Adam couldn't tell if he was serious or not.
After a few minutes, during which the mirror did nothing more interesting than reflect everyone present back at it, Asil started to look at the toys on the shelves, though he kept his hands to himself. It gave him an excuse to keep his back to Adam, which Adam appreciated.
Mercy bent down to get a better look at the books - most of them were German and old. But Adam noticed that there were a couple of newer mysteries, too - and what looked like a complete Doc Savage series, numbered one through ninety-six, in paperback. Mercy reached out to touch one old book, and Adam's instincts made him block her hand. "It's not smart to touch a grumpy old fae's things," he said.
"It wants me to touch it," she explained earnestly.
"All the more reason not to do it," Adam told her, keeping a hold on her hand.
A compliant prisoner, he thought, has to do whatever she is told by who - or whatever - tells her to do something. He wondered if that ghost would have given her trouble if she had been able to exert her will. He glanced at the mirror, but there was still nothing more interesting than their reflections in it. "Tad, what's the holdup?"

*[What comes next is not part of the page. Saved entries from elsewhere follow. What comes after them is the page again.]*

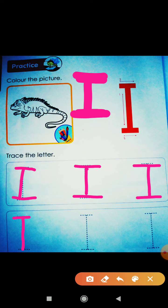Draw one standing line, one sleeping line, second sleeping line. One standing line, one sleeping line, second sleeping line. One standing line, one sleeping line, second sleeping line. So, this is the I.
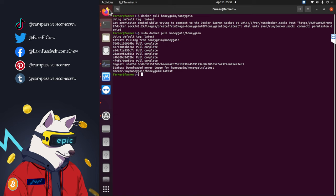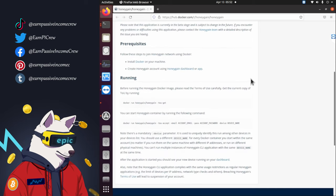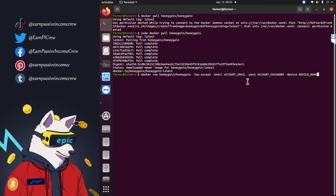After the download is finished, switch to the Honeygain website again. We already read the terms of service prior, so we don't have to do that. Now we can copy the longer command line below and paste it into our terminal. First we have to change the email address — use the email address you used earlier to register on Honeygain. Now we have to change the device name; it doesn't matter what you name it, just choose a name that lets you know which device you installed it on. And lastly, your password.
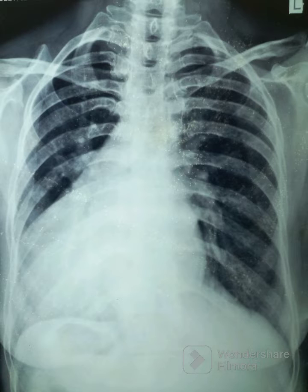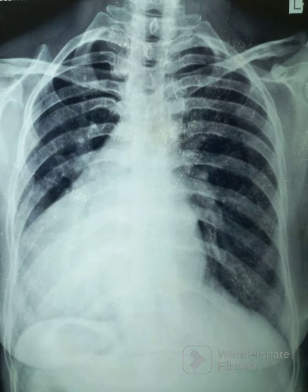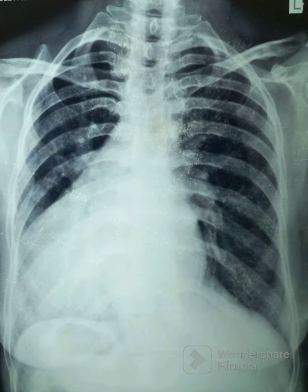The following findings are noted: cardiac shadow is on the right side. Note the marking for the left side 'L' on the top. Normally, cardiac shadow is expected on the left side. Since it is on the right side, it is a case of dextrocardia. The fundal gas shadow also appears on the right side.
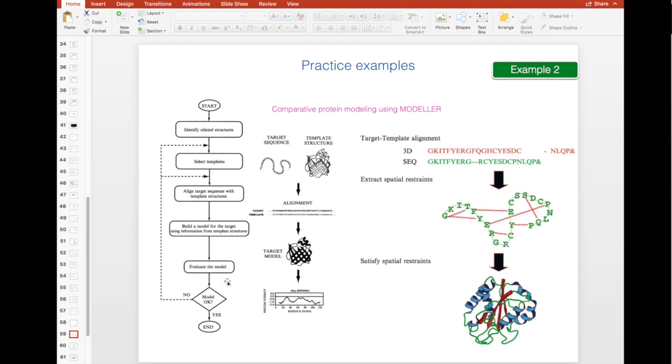This is the process here. If you are more curious how this looks like in detail, I refer you to the Modeller website.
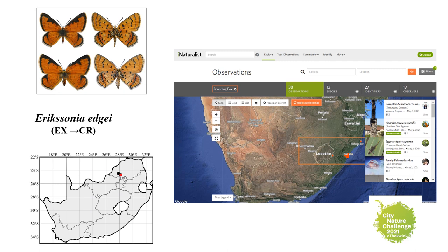This year's Global City Nature Challenge event was an opportunity for our herpetologists to host several challenges. The challenge to increase the number of herps recorded in the southern Drakensberg region was happily met, whereby the number of records increased from 12 observations of 9 species in 2020 to 30 observations from 12 species in 2021.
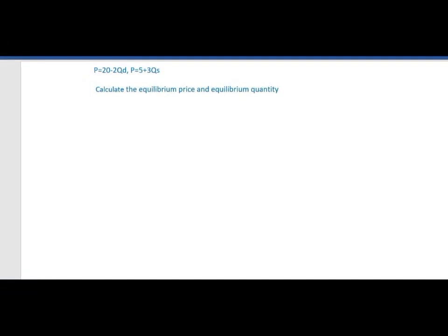Assalamualaikum everyone, welcome to another class. In this class we will solve one mathematical problem. Given the function of a demand curve P equal to 20 minus 2Qd, and the function of a supply curve P equal to 5 plus 3Qs.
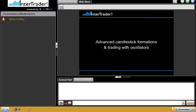What we're going to talk about today is advanced candlestick formations and trading with oscillators. I have to stress this is advanced, so there's a lot of information we're going to take in over the next hour. As always, it is recorded so we can go back and revisit what has been said tonight.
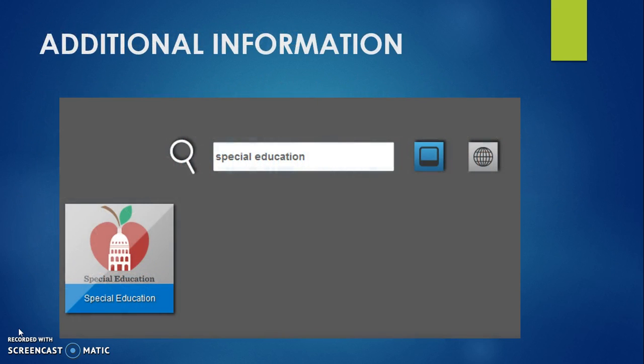This concludes the presentation. For additional information, please visit the Special Education website accessible through the AISD cloud.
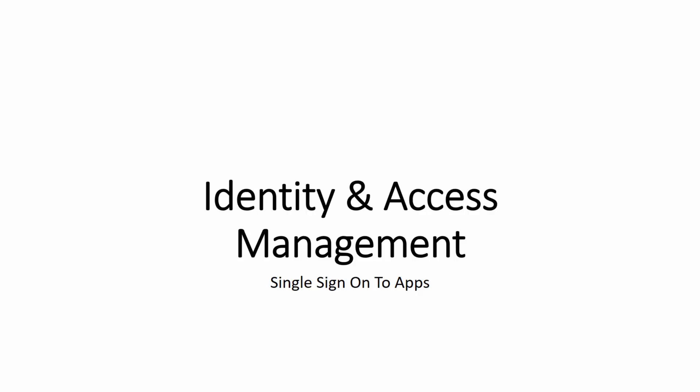Azure Active Directory Connect integrates on-premises directories with Azure Active Directory. This capability provides a common identity for users of Office 365, Azure, and SaaS applications integrated with Azure Active Directory.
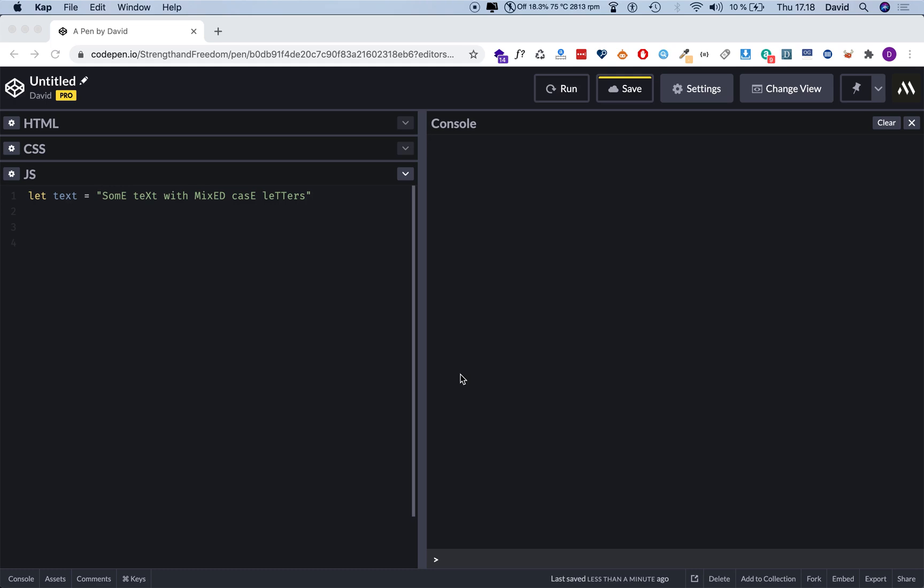Today I want to show you two useful JavaScript functions that you can use to convert text to either uppercase or lowercase. As you can see, we have a variable here called text with a string value assigned to it. This string value has a combination of upper and lowercase letters, and I want to change that to either all lowercase or all uppercase.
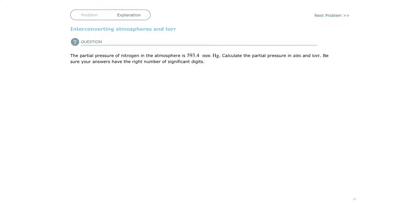So one torr is equal to one millimeter of mercury. There's your first easy one.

"Shh," the young man said. "Not so loud. Someone on the other side of the mirror might overhear. He'll come as soon as he can."
"There's a lot of metal in here for a fae's den," murmured Asil. "And enough magic to make my nose itch."

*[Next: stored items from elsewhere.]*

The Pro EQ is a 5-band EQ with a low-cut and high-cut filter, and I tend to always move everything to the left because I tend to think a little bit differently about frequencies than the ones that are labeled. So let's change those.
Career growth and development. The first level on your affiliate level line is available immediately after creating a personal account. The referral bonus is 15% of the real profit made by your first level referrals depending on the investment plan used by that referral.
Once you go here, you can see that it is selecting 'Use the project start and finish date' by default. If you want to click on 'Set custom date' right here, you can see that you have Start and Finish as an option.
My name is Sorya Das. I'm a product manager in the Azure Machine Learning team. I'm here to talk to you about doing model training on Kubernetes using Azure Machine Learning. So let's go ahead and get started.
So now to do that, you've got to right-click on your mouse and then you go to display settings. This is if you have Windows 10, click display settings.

"Zee is a metalsmith," Mercy explained, leaning against Adam. Like Asil, she spoke quietly. "Iron-kissed. Siebolt Adelbertsmiter."
"The Dark Smith of Drontheim?" Asil was suddenly a lot more tense, his voice half-strangled.
"That's right," said Tad, looking away from the mirror because Asil was more interesting. At least that was why Adam was looking at him. Fortunately, the other wolf was looking at Tad.
"Your father is Loan Maclibhuin, the Dark Smith of Drontheim?" Asil turned to Adam, averting his eyes at the last minute. "Are you sure you want to contact Maclibhuin? Do you know what he is?"
"He's mellowed with age," Mercy assured Asil before Adam could say anything. She sounded like herself. "No more killing people because they annoy him. No more making crazy weapons that will inevitably cause more problems than they solve because he had a bad day and wanted to destroy a civilization or two."
Tad snorted. "He likes Mercy. He'll help us."
Suddenly exhausted, as much by keeping a tight rein on himself as by the events of the past few days, Adam sat down on the rug and pulled Mercy onto his lap, where she couldn't get into trouble.
When Mercy squeaked in surprise - though she didn't fight him - he said, "No telling how long it will take the old fae to answer. No sense for you to stand the whole time. Your knee is bothering you." He'd noticed that she was keeping her weight off it.
"Car wreck, then that step," she said, relaxing against him. "But it's my cheekbone that really hurts. Falling from Sylvia's apartment didn't help."
"Wait a moment," Tad said, and left them in the attic by themselves as he ran downstairs for something, closing the door behind him.
"He left us alone in the heart of his father's power," said Asil.
"That's because I would kill you before I allowed you to do anything," Adam assured him with an easy voice. "Tad knows that we stand with him, Mercy and I. And if you think this is the center of Zee's power, you are very much mistaken. This is a cache, he probably has fifty of them around somewhere. Paranoid old fae." Adam understood paranoia. It was a useful attribute if you were trying to keep the people you loved safe.
Asil didn't reply, which was probably a good thing. They needed more space between them before they could deal with each other safely. Tad came pounding back up the stairs with a deck of cards and a poker-chip carousel.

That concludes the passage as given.